- GIVEN RECORDS:
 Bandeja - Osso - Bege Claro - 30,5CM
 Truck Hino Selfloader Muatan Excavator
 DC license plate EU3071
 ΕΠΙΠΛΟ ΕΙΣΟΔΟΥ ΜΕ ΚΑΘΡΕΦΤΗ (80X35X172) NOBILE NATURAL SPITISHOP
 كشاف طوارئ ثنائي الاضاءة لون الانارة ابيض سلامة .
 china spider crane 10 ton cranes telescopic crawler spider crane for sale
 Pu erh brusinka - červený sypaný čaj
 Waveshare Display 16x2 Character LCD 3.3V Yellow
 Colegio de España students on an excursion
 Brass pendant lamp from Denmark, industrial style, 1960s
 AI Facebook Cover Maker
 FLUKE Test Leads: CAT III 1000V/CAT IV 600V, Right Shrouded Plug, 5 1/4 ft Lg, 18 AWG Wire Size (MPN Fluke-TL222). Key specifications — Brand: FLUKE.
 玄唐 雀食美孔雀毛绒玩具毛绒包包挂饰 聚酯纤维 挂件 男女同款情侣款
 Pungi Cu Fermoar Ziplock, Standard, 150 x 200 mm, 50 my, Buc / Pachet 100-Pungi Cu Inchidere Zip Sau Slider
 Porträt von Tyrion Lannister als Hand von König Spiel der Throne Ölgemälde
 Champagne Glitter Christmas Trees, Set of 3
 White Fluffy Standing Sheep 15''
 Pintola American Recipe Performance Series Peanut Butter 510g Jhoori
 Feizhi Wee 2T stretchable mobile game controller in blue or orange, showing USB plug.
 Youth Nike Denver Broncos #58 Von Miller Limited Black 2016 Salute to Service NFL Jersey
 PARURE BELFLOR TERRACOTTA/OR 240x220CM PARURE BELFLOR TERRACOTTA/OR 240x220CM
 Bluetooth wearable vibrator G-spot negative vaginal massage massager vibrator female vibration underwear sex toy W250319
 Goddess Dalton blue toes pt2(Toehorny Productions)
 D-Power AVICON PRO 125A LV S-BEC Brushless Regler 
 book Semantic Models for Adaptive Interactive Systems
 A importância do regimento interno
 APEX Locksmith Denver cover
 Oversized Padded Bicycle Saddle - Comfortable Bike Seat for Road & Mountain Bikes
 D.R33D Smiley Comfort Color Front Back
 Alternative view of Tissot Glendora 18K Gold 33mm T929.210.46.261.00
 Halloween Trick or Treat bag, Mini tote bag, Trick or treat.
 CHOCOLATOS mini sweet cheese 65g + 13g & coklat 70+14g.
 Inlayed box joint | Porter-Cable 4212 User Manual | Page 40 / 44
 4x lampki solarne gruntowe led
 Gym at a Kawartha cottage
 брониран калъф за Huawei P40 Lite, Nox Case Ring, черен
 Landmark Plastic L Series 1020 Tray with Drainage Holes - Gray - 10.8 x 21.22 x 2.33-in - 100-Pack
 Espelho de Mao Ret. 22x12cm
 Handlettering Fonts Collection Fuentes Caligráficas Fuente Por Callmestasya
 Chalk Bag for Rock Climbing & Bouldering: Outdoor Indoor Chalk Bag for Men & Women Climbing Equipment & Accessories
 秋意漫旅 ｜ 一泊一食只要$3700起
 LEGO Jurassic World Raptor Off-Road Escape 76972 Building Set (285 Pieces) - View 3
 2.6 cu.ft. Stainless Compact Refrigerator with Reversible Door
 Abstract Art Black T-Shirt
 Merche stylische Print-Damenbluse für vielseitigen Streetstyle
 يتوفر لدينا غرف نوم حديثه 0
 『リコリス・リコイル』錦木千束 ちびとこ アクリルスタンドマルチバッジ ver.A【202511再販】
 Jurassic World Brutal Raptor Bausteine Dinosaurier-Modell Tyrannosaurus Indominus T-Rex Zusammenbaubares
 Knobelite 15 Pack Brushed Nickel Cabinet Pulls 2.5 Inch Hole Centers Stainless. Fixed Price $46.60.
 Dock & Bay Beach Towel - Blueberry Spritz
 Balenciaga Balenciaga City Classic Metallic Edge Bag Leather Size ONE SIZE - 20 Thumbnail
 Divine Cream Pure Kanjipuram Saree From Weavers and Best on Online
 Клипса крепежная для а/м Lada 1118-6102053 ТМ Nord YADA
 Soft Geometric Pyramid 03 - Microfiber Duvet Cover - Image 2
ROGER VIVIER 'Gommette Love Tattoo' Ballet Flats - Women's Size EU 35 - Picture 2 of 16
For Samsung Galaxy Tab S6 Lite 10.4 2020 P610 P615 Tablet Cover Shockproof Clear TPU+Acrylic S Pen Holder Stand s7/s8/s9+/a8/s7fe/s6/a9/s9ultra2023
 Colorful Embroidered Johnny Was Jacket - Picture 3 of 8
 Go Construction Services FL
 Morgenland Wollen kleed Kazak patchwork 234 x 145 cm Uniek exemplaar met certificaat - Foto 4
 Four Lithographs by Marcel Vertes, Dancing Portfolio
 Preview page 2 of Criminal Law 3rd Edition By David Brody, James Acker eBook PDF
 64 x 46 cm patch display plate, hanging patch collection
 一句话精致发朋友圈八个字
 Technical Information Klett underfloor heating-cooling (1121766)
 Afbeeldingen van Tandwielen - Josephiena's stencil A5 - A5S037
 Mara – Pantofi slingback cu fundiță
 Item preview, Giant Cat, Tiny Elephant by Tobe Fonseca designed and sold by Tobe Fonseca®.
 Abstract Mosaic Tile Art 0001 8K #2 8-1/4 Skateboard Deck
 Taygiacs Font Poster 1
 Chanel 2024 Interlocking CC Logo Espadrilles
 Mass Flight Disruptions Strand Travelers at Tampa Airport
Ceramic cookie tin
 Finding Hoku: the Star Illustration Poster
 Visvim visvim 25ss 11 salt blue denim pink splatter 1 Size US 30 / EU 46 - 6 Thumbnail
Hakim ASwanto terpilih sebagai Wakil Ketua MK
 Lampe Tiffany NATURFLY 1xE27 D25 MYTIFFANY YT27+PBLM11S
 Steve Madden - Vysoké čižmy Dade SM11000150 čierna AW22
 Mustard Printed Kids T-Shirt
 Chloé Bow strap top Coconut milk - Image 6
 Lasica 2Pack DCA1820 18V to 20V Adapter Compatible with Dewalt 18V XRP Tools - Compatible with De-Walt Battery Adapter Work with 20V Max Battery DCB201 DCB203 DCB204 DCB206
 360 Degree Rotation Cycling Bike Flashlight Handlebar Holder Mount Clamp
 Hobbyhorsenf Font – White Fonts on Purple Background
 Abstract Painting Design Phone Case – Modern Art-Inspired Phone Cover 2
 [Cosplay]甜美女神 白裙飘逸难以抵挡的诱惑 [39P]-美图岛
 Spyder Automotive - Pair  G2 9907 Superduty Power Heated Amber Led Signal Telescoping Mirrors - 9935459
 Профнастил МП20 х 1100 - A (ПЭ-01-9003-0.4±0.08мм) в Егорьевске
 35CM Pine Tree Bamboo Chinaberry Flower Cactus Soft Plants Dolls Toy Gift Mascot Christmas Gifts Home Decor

- WHAT NEEDS TO BE DONE:
What are the lines from the one with "Lampe Tiffany NATURFLY" through the end of the records above? Set them down exactly, both ends included, and nothing else.

- EXPECTED OUTPUT:
 Lampe Tiffany NATURFLY 1xE27 D25 MYTIFFANY YT27+PBLM11S
 Steve Madden - Vysoké čižmy Dade SM11000150 čierna AW22
 Mustard Printed Kids T-Shirt
 Chloé Bow strap top Coconut milk - Image 6
 Lasica 2Pack DCA1820 18V to 20V Adapter Compatible with Dewalt 18V XRP Tools - Compatible with De-Walt Battery Adapter Work with 20V Max Battery DCB201 DCB203 DCB204 DCB206
 360 Degree Rotation Cycling Bike Flashlight Handlebar Holder Mount Clamp
 Hobbyhorsenf Font – White Fonts on Purple Background
 Abstract Painting Design Phone Case – Modern Art-Inspired Phone Cover 2
 [Cosplay]甜美女神 白裙飘逸难以抵挡的诱惑 [39P]-美图岛
 Spyder Automotive - Pair  G2 9907 Superduty Power Heated Amber Led Signal Telescoping Mirrors - 9935459
 Профнастил МП20 х 1100 - A (ПЭ-01-9003-0.4±0.08мм) в Егорьевске
 35CM Pine Tree Bamboo Chinaberry Flower Cactus Soft Plants Dolls Toy Gift Mascot Christmas Gifts Home Decor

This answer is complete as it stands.